TASK TO CARRY OUT. All of the records below must be reproduced exactly, minus any pictures.

INFORMATION.
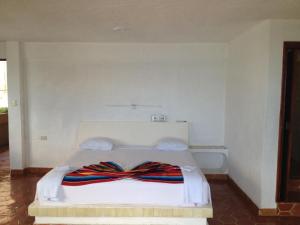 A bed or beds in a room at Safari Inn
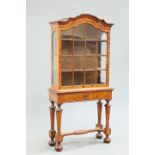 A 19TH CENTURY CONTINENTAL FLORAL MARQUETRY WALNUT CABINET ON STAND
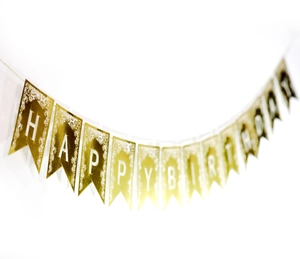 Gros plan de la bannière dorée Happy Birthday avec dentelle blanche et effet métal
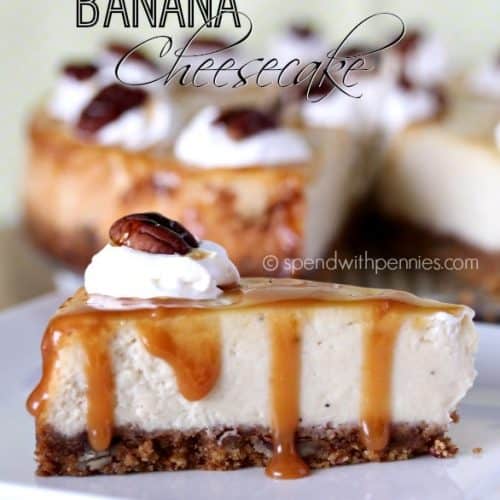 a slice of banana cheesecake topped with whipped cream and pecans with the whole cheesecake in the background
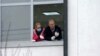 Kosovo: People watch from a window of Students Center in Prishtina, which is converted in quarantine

TASK SOLUTION.
 A bed or beds in a room at Safari Inn
 A 19TH CENTURY CONTINENTAL FLORAL MARQUETRY WALNUT CABINET ON STAND
 Gros plan de la bannière dorée Happy Birthday avec dentelle blanche et effet métal
 a slice of banana cheesecake topped with whipped cream and pecans with the whole cheesecake in the background
 Kosovo: People watch from a window of Students Center in Prishtina, which is converted in quarantine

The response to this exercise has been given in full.